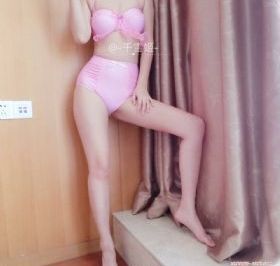 日本欧美黄色_正片免费观看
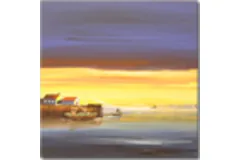 Large image, click to enlarge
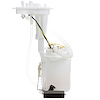 FUELPUMPMODULEASSEMBLY - image 1
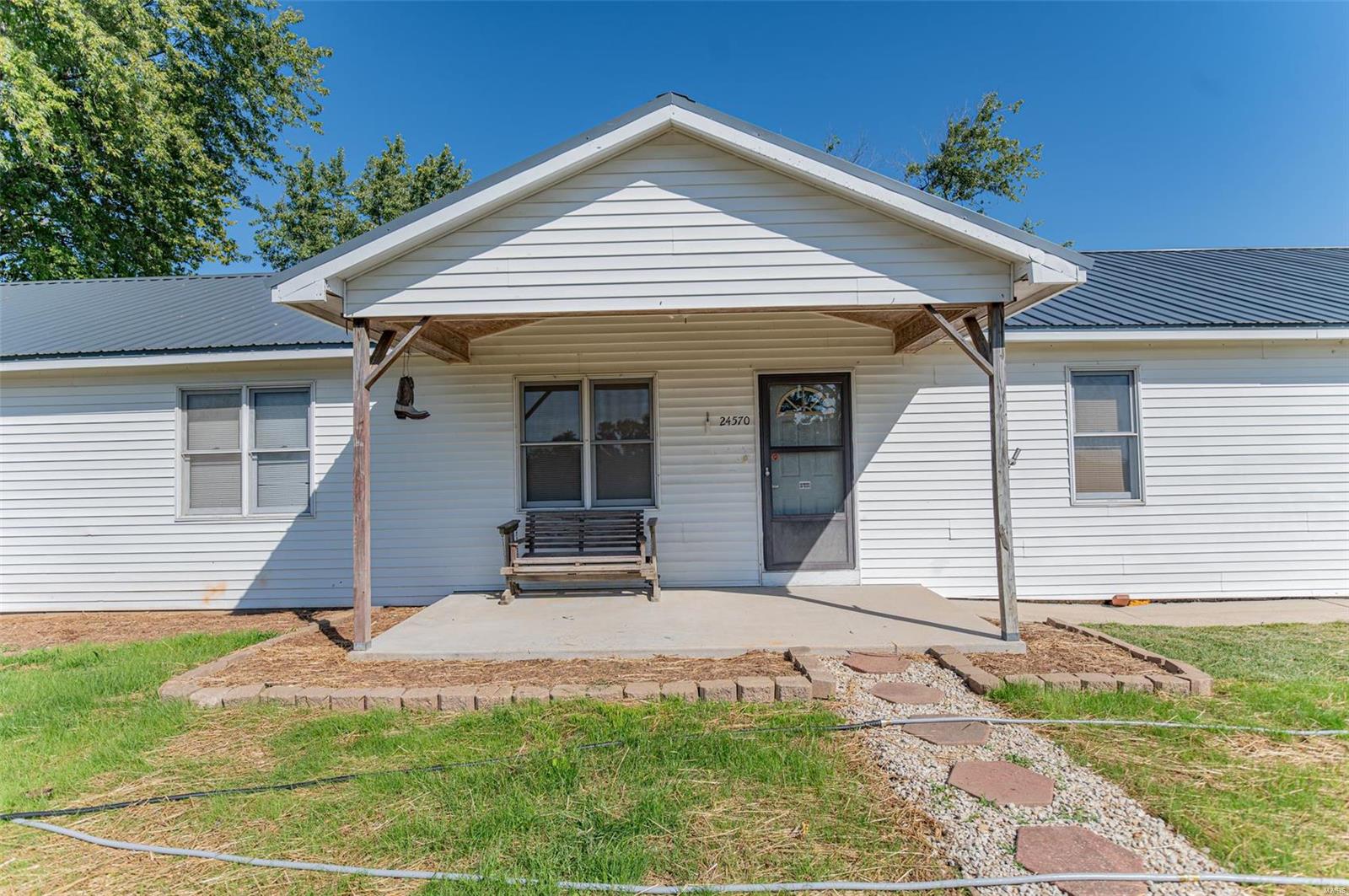 24570 Hwy C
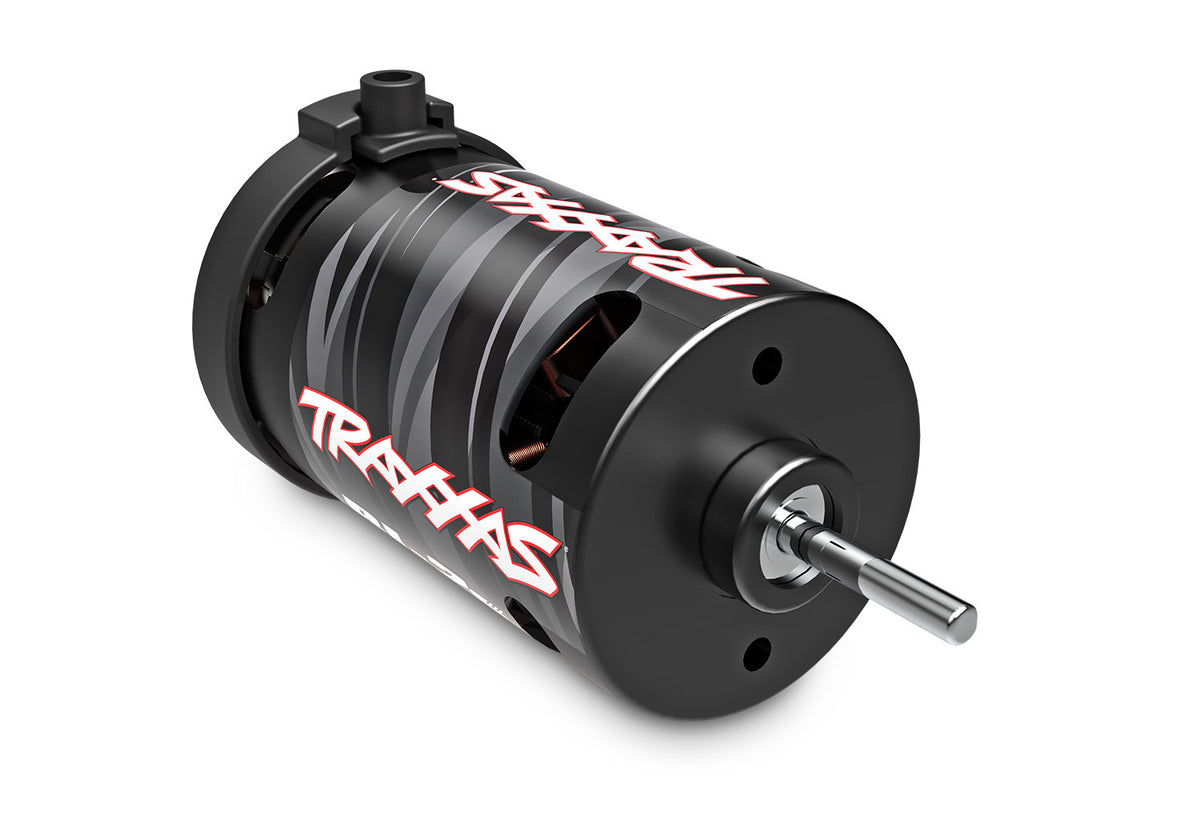Traxxas 3382 — Traxxas 3382 BL-2s Brushless Power System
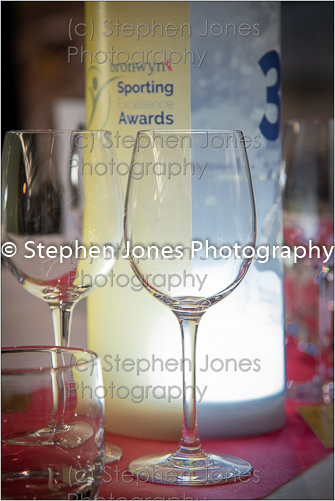 U43-006 Sports Awards Web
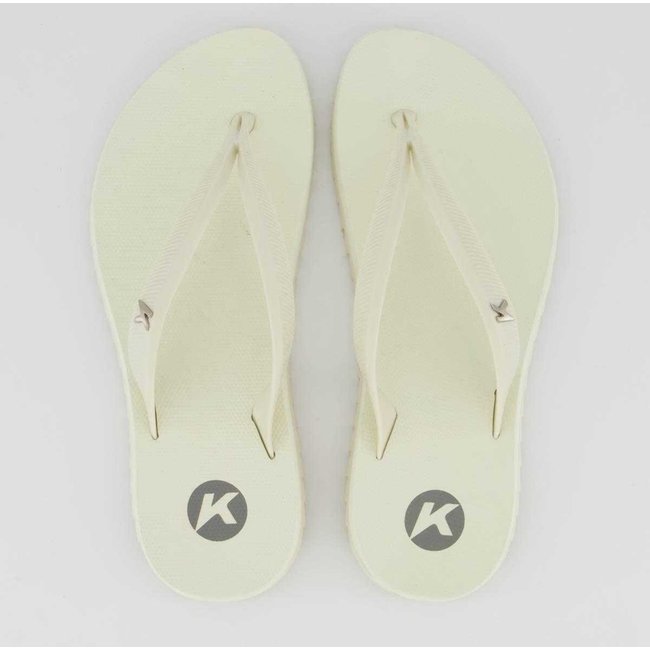 Chinelo Feminino Kenner Ibiza Pro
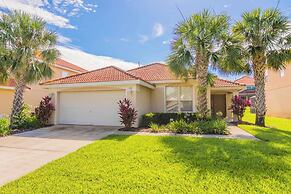 Lesa's Solana Resort Vacation Home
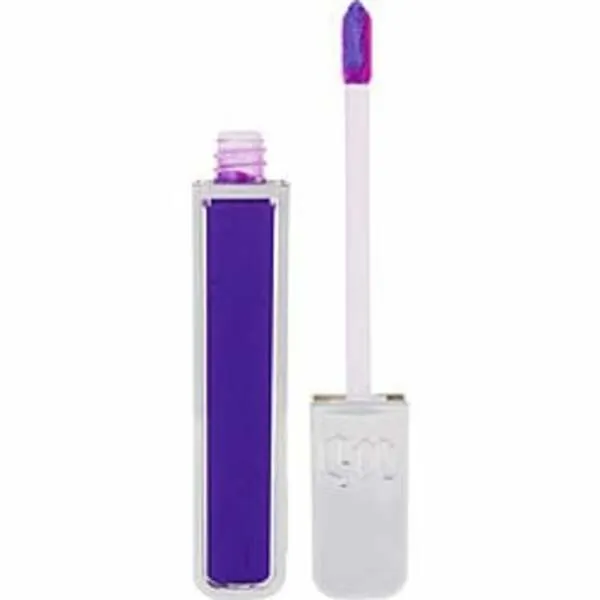 Urban 329679 By  Hi Fi Shine Ultra Cushion Lip Gloss -  Jawbreaker (cr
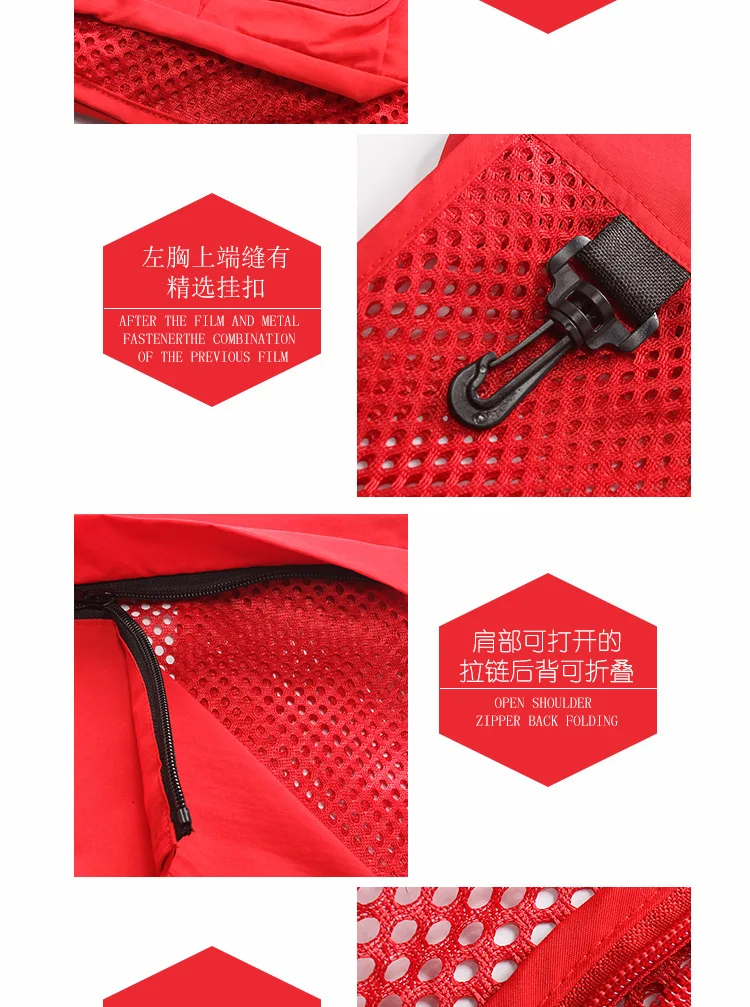 3373201557_1015784027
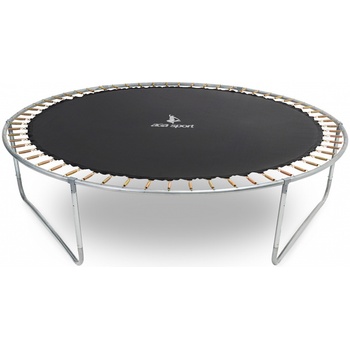 Aga skákacia plocha k trampolínam 150cm 30 ok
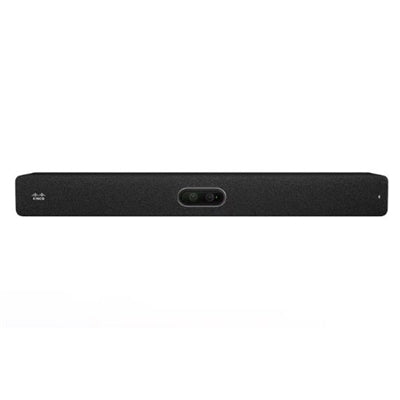 Cisco Webex Room Bar Pro - Carbon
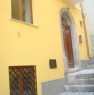 foto 1 - Patti loft a Messina in Affitto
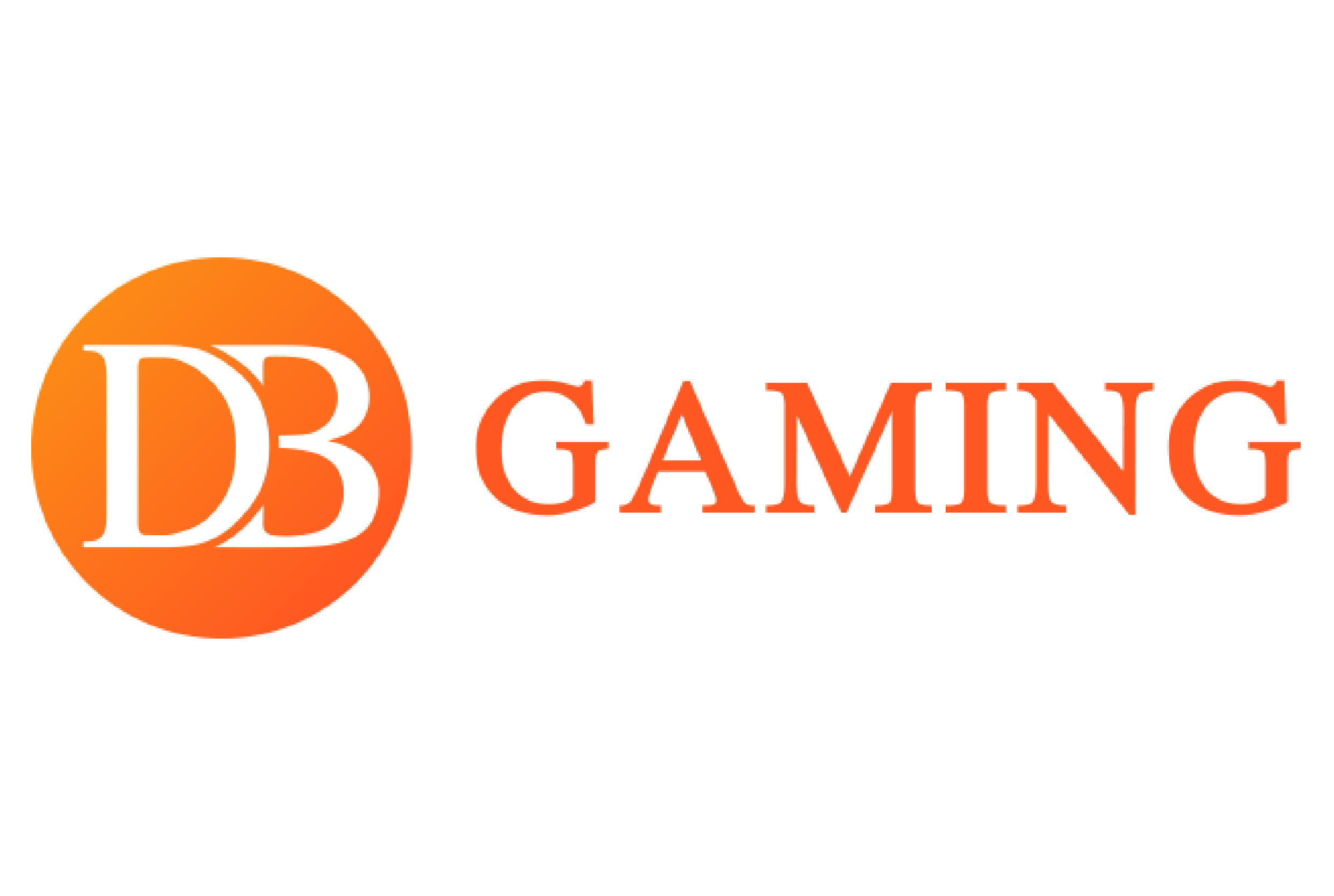 DB Gaming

★ ★ ★ ★ ★ ★ ★

TO DO: Make an exact copy of the lines of the records from the line containing "FUELPUMPMODULEASSEMBLY - image 1" through the final line, both ends included, but not of the pictures.

RESPONSE:
 FUELPUMPMODULEASSEMBLY - image 1
 24570 Hwy C
Traxxas 3382 — Traxxas 3382 BL-2s Brushless Power System
 U43-006 Sports Awards Web
 Chinelo Feminino Kenner Ibiza Pro
 Lesa's Solana Resort Vacation Home
 Urban 329679 By  Hi Fi Shine Ultra Cushion Lip Gloss -  Jawbreaker (cr
 3373201557_1015784027
 Aga skákacia plocha k trampolínam 150cm 30 ok
 Cisco Webex Room Bar Pro - Carbon
 foto 1 - Patti loft a Messina in Affitto
 DB Gaming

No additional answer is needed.